Pentagon May Name Admiral To Head Central Command
WASHINGTON (AP) _ Naval action in the Persian Gulf is helping build sentiment in the Pentagon to appoint an admiral to head the U.S. Central Command, headquarters for American forces in the region, military sources said Tuesday.
The Joint Chiefs of Staff were divided over who should head the command, and the chairman, Adm. William J. Crowe Jr., sent the names of an admiral and an Army general to Defense Secretary Frank C. Carlucci.
The Navy nominee to head the Central Command is Vice Adm. Henry C. Mustin, the Deputy Chief of Naval Operations for Plans, Policy and Operations, sources said. They identified the Army nominee as Gen.

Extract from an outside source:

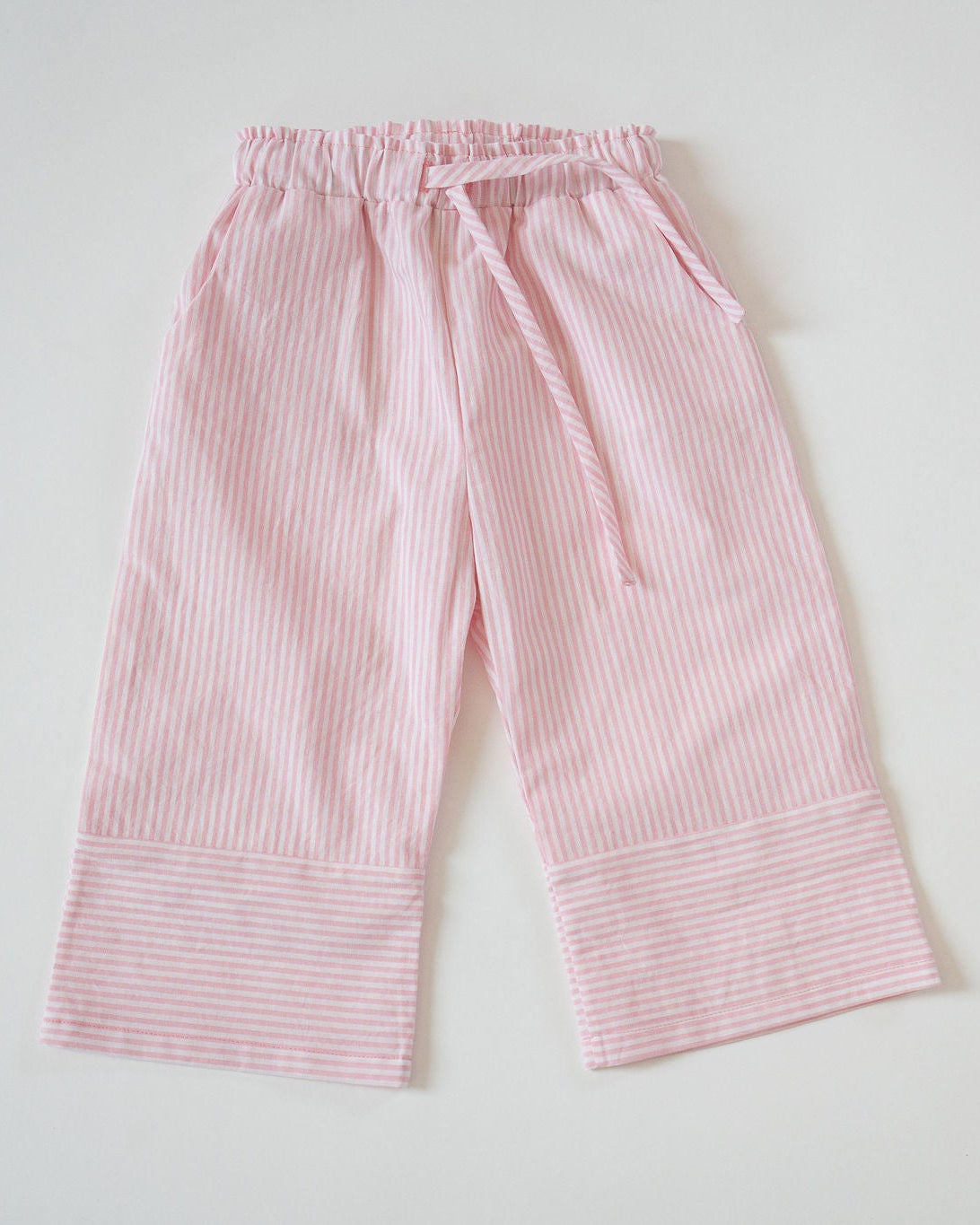 Pink striped pants on a light gray background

H. Norman Schwarzkopf, Deputy Chief of Staff for Operations and Plans.
Carlucci is expected to make a decision well before the current commander, Marine Gen. George B. Crist, steps aside this November, said the sources, who spoke on condition of anonymity. Crist has headed Central Command since 1985.

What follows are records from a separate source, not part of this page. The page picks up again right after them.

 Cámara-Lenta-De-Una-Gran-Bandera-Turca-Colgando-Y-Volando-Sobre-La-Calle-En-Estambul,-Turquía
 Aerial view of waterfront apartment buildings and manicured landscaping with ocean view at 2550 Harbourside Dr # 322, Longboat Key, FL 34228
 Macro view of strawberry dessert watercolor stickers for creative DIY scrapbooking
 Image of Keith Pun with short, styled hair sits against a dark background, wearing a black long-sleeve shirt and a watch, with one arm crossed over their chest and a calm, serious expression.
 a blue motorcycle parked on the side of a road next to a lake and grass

Since the command was created in 1983, assuming most of the functions of the Rapid Deployment Force, the top spot has been rotated between the Army and the Marine Corps. But because the Navy has dominated the action in the Persian Gulf, many in the Pentagon believe the job should go to an admiral.
The command has its headquarters at MacDill Air Force Base, in Tampa, Fla., although it maintains virtually constant radio contact with the overall commander of Naval forces in the gulf, Rear Adm. Anthony Less, aboard his flagship, the USS Coronado.
Sentiment to name an admiral to head the command arose before the downing of an Iran Air jetliner with 290 people aboard on July 3, said the sources.
Central Command is a unified joint command in which all Air Force, Navy, Army and Marine Corps forces in a jurisdiction are under the command of an officer chosen from one of the services.